If you don't need/want every last extra lumen and there's nothing special about the beam pattern (think Outbound) that makes sense. I'm not sure there's really very many people who even need all the XSV's 3400 lumens so the more flexible Gloworm (adjustable beam via changeable optics, programmable preset output levels) with its superior UI (wireless remote, Hi/Low alternate UI program, easier vertical aiming) would work better for most people + it's less money. Considering all my Gloworms have a nice flat regulated output unlike the 50-60% of max that my Monteer 3500 stabilizes at it's probably a good bet that there's not near the difference in actual max output that their MFG output ratings would indicate anyway.
Mole


----------



## DrPete (Jul 20, 2004)

This was my season of experimenting with lights so I did pick up the outbounds too. The beam is pretty incredible and I will say that the Hangover/Evo combo is pretty amazing for general-purpose riding. I think the added punch of the Gloworm setup inspires more confidence to go fast on tougher trails.


----------



## MRMOLE (May 31, 2011)

DrPete said:


> This was my season of experimenting with lights so I did pick up the outbounds too. The beam is pretty incredible and I will say that the Hangover/Evo combo is pretty amazing for general-purpose riding. I think the added punch of the Gloworm setup inspires more confidence to go fast on tougher trails.

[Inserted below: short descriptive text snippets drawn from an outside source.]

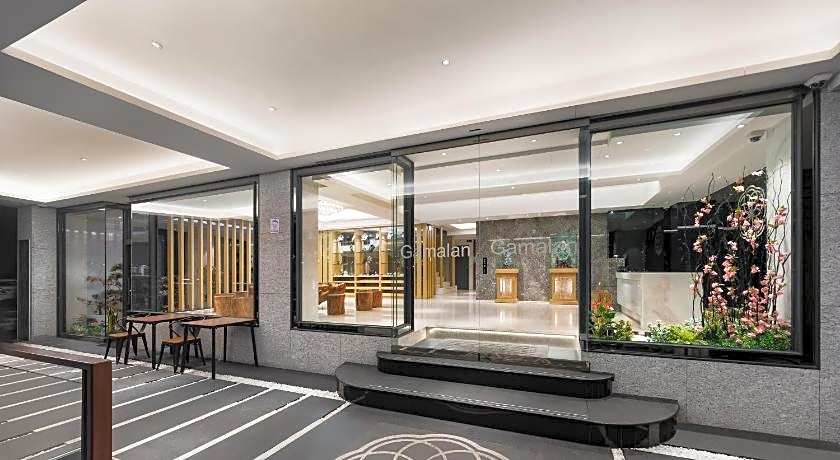 Gamalan FL Spring Hotel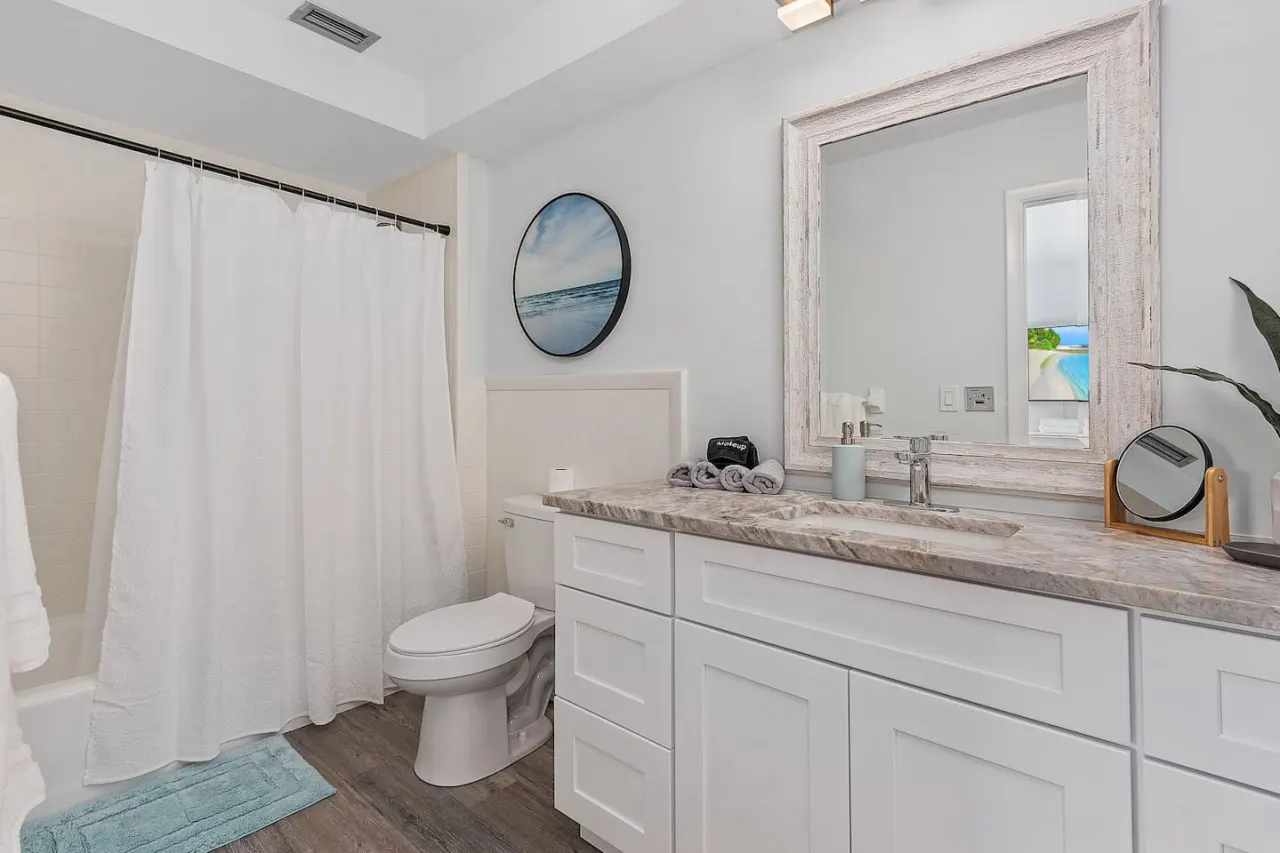 Blue Heaven*Pool duplex perfect for 2 families! 16
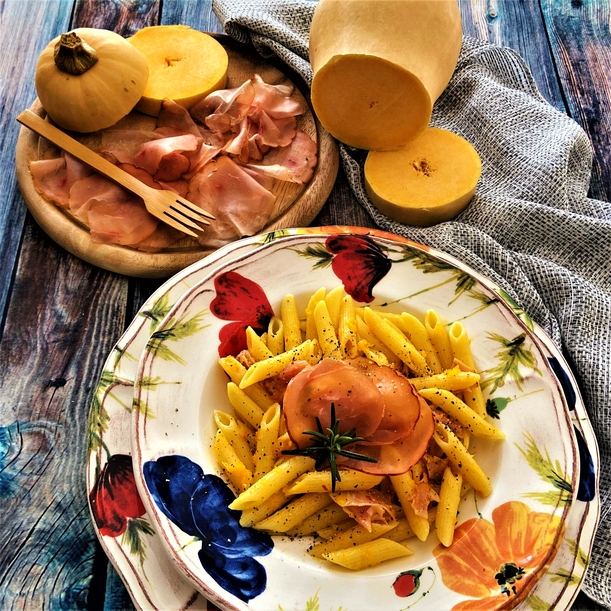 PASTA CON ZUCCA E BRESAOLA DOLCE TACCHINA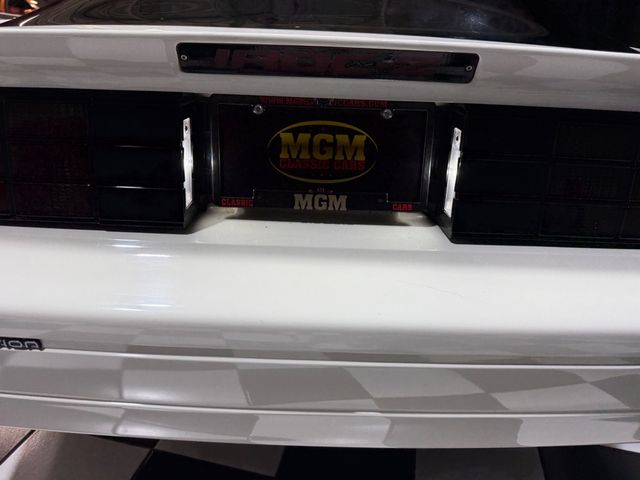 1989 Chevrolet Camaro 2dr Coupe IROC Z - 23078562 - 20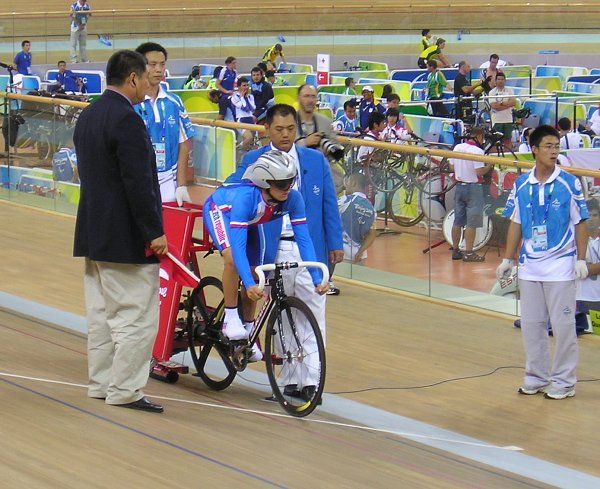 Čeští paralympionici dokázali v úterý na velodromu Lao-šan vybojovat dvě medaile. | Foto: Daniel Pavliš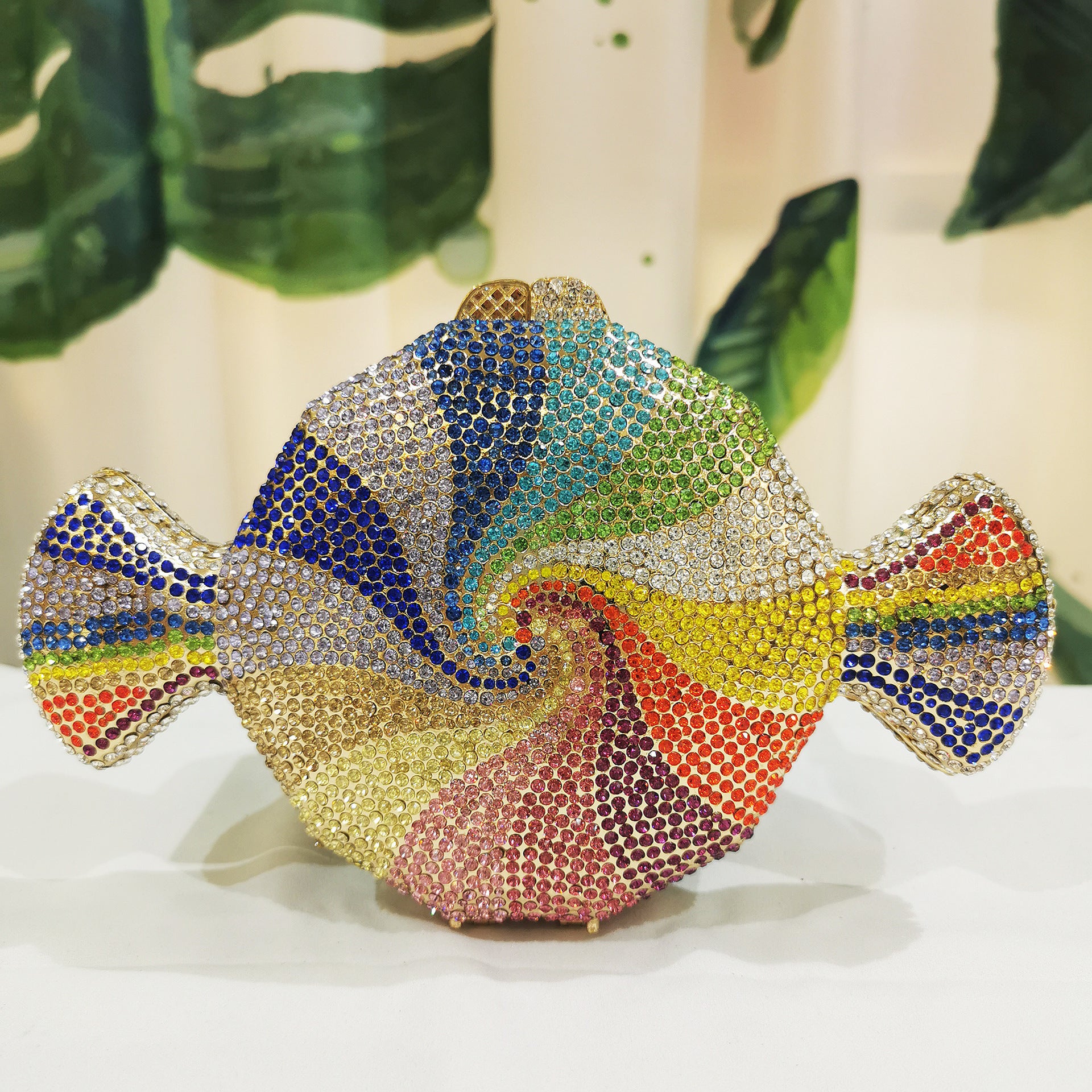 Mini pochette ornée de diamants fantaisie, de bonbons et de perles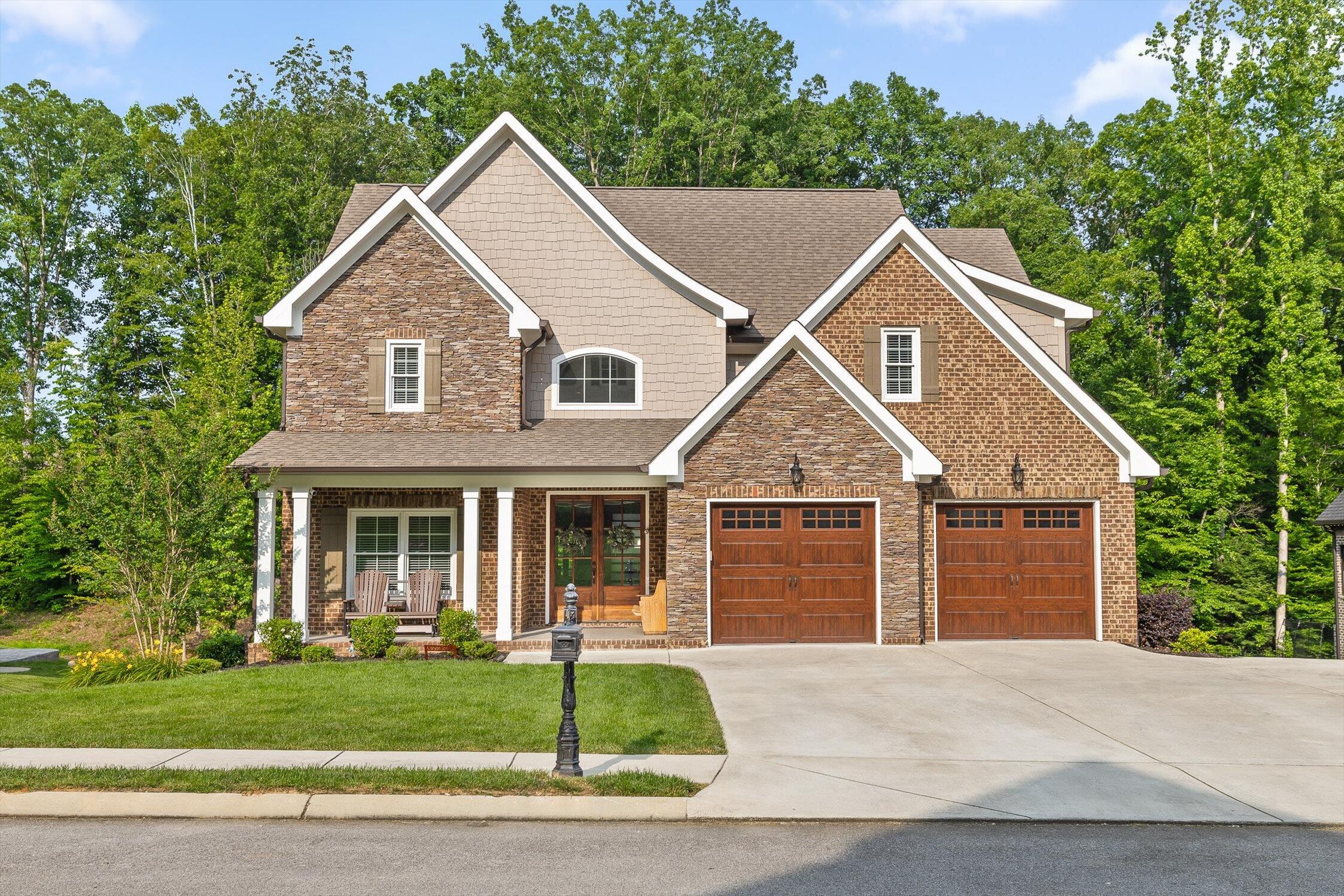 442 Canyon Springs Drive, Hixson, Tennessee image 1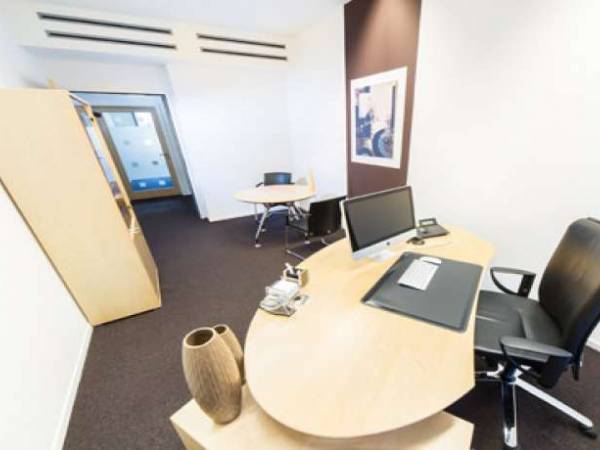 Repräsentatives Business Center in historischem Gebäude in — Bild 4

With the limited use I have so far (I've been off the bike for a month now with a broken shoulder) with the EVO my opinion is the Hangover is not the best match for that light. I was far happier running the EVO with the Monteer 3500 (equivalent throw to GW XS at stable output) than the Hangover when the speeds increased. Since you have more powerful lights for the helmet I'd be curious to hear what you think of the EVO's performance paired with your X2 or better yet an XS if you have one of those. 
Mole


----------